The cold-hearted brutality with which the layoffs were executed hurts people more than being made redundant. We are constantly told that the workplace is an extension of our family. Organizations trusted us with managing huge budgets, sensitive information, and intellectual property worth millions of dollars. We are constantly reminded that we are the best of the best, and that’s why we deserve all the perks and benefits showered upon us. However, when it came to redundancy, organizations could not suddenly trust us. Hence, when a mother woke up at 3 AM to breastfeed their kids and decided to check their email, she got the shock of her life. She was locked out of her devices and got an email on her personal ID informing her of the decision. There are hundreds of such stories on Linked In, and it’s gut-wrenching to read them.

The easiest thing is to blame the organization. Almost everyone starts by saying they let people down or are cold and heartless entities. An organization is a legal entity that does not have a soul or a heart. It’s the people and the shared culture that breathes life into that entity, and those people did not become evil overnight. Let’s dive deeper into this truth and examine how Yuval Noah Harari summarizes organizations in Sapiens.

Modern businesspeople and lawyers are, in fact, powerful sorcerers. The principal difference between them and tribal shamans is that modern lawyers tell far stranger tales. The legend of Peugeot affords us a good example.

Peugeot began as a small family business in the village of Valentigney, just 300 kilometers from the Stadel cave. Today the company employs about 200,000 people worldwide, most of whom are complete strangers to each other. These strangers cooperate so effectively that in 2008 Peugeot produced more than 1.5 million automobiles, earning revenues of about 55 billion Euros.

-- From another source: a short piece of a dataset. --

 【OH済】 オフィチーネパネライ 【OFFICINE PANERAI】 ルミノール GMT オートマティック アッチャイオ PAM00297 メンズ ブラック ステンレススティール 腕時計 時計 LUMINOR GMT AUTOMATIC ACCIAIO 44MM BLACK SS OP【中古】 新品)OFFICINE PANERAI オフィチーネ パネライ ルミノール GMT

In what sense can we say that Peugeot exists? There are many Peugeot vehicles, but these are obviously not the company. Even if every Peugeot vehicle in the world were simultaneously junked and sold for scrap metal, Peugeot would not disappear. It would continue to manufacture new cars and issue its annual report. The company owns factories, machinery, and showrooms, and employs mechanics, accountants, managers, and secretaries, but all these together do not comprise Peugeot. A disaster might kill every single one of Peugeot’s employees, and go on to destroy all of its assembly lines and executive offices. Even then, the company could borrow money, hire new employees, build new factories and buy new machinery. Peugeot has managers and stockholders, but neither do they constitute the company. All the managers could be dismissed and all its shares sold, but the company itself would remain intact.

Think about this in the context of your workplace. It’s a piece of fiction created and held together by the laws we have created. It has no existential relevance. It’s like the movie Inception — a dream within a dream.

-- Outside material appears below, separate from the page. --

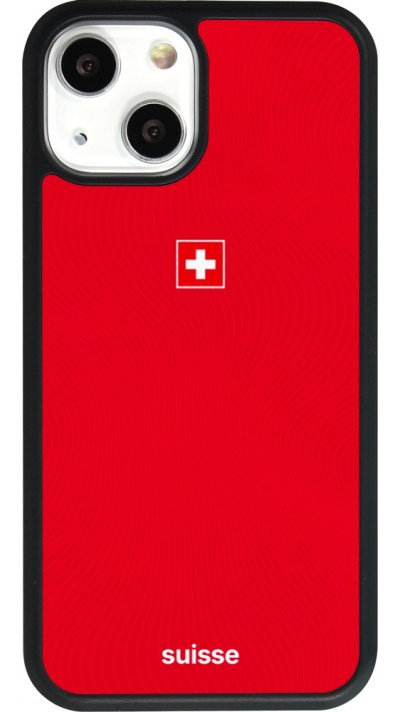 iPhone 13 mini Case Hülle - Silikon schwarz Schweiz 2026 personalisierbares Fussballtrikot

Why Does Being Laid Off Hurt?

If the organization is a piece of fiction, then why does it hurt so much when we part ways with them? The answer is simple and bitter. All of us develop a sense of entitlement in life. When we work hard for something and achieve it, we believe we are entitled to the results and will continue to enjoy the fruits of our labor for eternity. Malcolm Gladwell once talked about how we consistently underestimate the impact of external forces in our lives. He described how, in the Great Depression, conditions got so bad that Ph.D. holders had to work as teachers in school. The generation that followed them joined the workforce during a massive boom and benefitted greatly.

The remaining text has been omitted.